05 Januari 2008

Demokrasi Indonesia Setelah 10 Tahun

Oleh Audy WMR Wuisang

Pengamat Masalah Sosial Politik

Pengantar

Menjelang akhir 2007, Prof. Alfred Stefan mengeluarkan pujian atas capaian demokrasi di Indonesia. Khususnya mengenai Security Sector Reform atau Reformasi Sektor Keamanan dan menegaskan bahwa, kemungkinan TNI melakukan kudeta di Indonesia sangatlah kecil. Bahkan kemajuan demokratisasi di Indonesia termasuk yang terbaik yang dianalisisnya selama ini (http://klikkliping.blogspot.com/2007/10/reformasi-militer.html). Prof.
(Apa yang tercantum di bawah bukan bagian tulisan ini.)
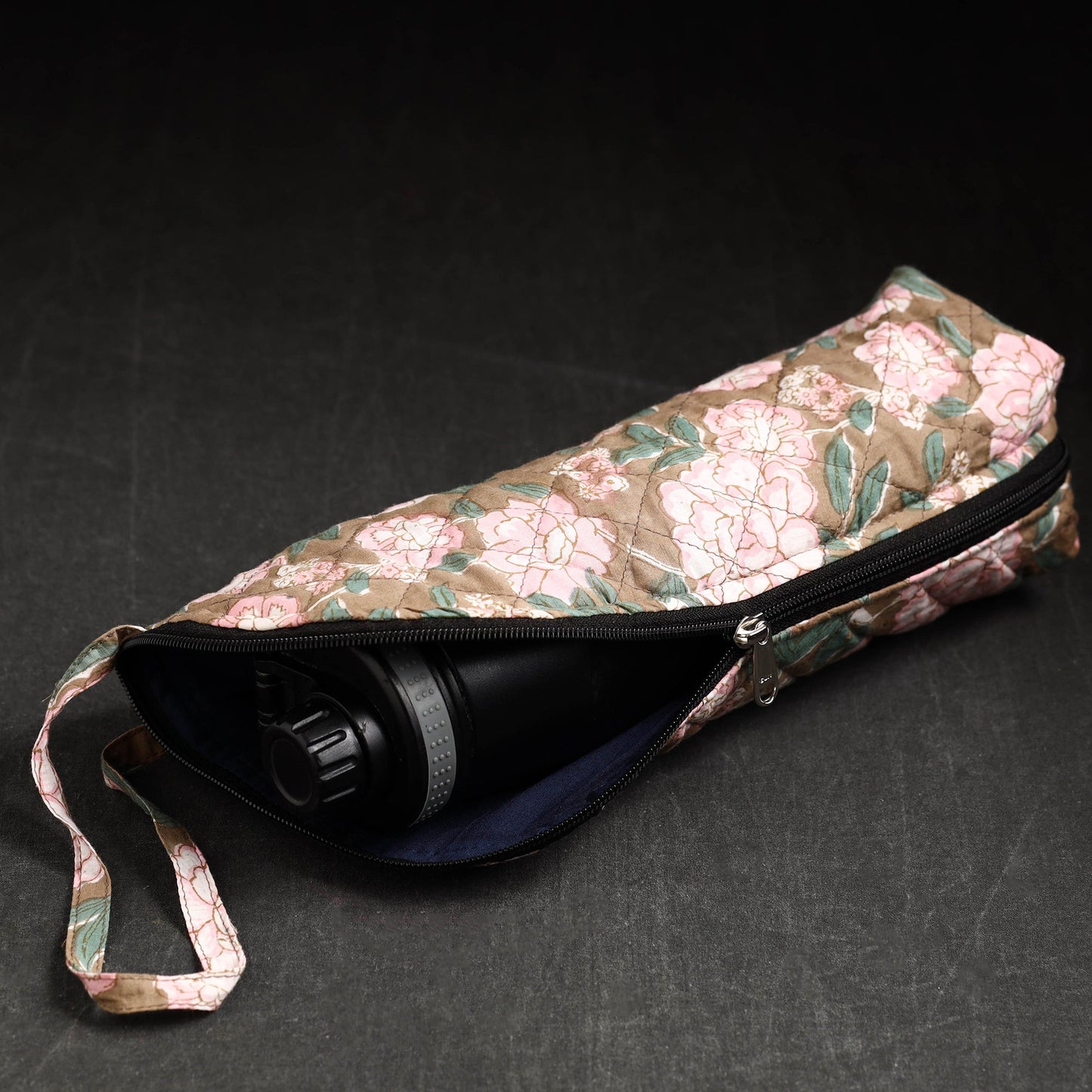 Brown Sanganeri Block Printed Cotton 1L Water Bottle Cover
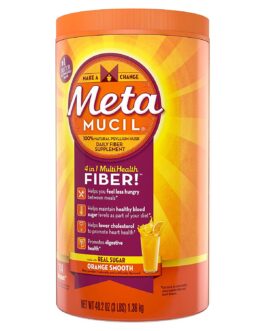 Meta Mucil 4 in 1 MultiHealth Fiber Supplement Powder Orange Smooth – 48.2 oz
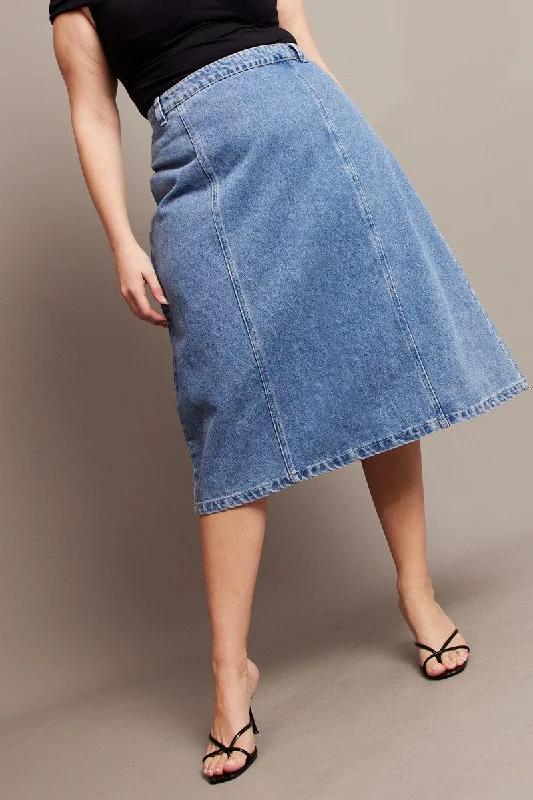 classic women’s dresses for office wear -Denim Denim Midaxi Panel Skirt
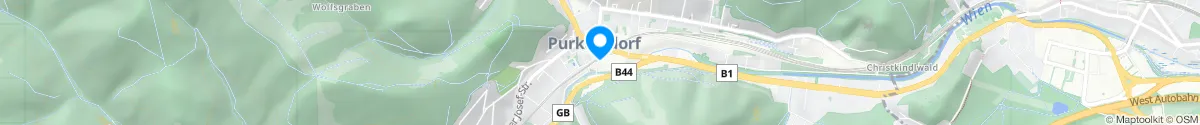 Kartendarstellung des Standorts für Apotheke Zum Schutzengel in 3002 Purkersdorf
Stefan adalah salah satu pentolan dalam study demokratisasi dan telah melakukan telaah mendalam, bukan hanya di Indonesia, tetapi bahkan di Amerika Latin, Eropa Timur dan bahkan Asia. Bersama Juan Linz, Guilermo O’Donnel, Schmitter dan banyak sarjana politik lainnya, mereka melakukan research panjang dan bermutu. Mereka melahirkan banyak teori dan buku yang sekarang menumpuk di banyak perpustakaan dunia. Maka, pujian dan kajian Prof. Stefan, seharusnya dan sesungguhnya bukan ucapan “basa-basi” dan pastinya memiliki latar pemikiran yang cukup sahih secara akademis. John Bradford, seorang sarjana politik lainnya, memberi apresiasi yang sama atas capaian Indonesia dalam proses demokratisasi (John Bradford, 2005)

Tetapi, seorang William Liddle (Liddle, 2003), justru menyebutkan bahwa: capaian demokratisasi, termasuk di bidang security sama dengan “jalan di tempat”. Dan seragam dengan Liddle, belakangan yang lebih baru muncul dari PBHI (Perhimpunan Bantuan Hukum Indonesia) dalam release 11 Juli 2007 menyebutkan reformasi militer dalam dmeokratisasi “gagal”. Demikian juga release IMPARSIAL 3 Oktober 2007 serta Human Right Watch, rata rata memberi angka dan raport “buruk”. Meski pada dasarnya memberi aksentuasi atau penekanan atas reformasi militer, tetapi gugatan atas kemajuan signifikan dmeokratisasi menjadi landasan kritik mereka. Terutama, karena kebijakan dan perundangan yang menegaskan perubahan dan reformasi sector keamanan berada dalam pergulatan antara Parlemen dan Pemerintah dan belum menemuka titik terang.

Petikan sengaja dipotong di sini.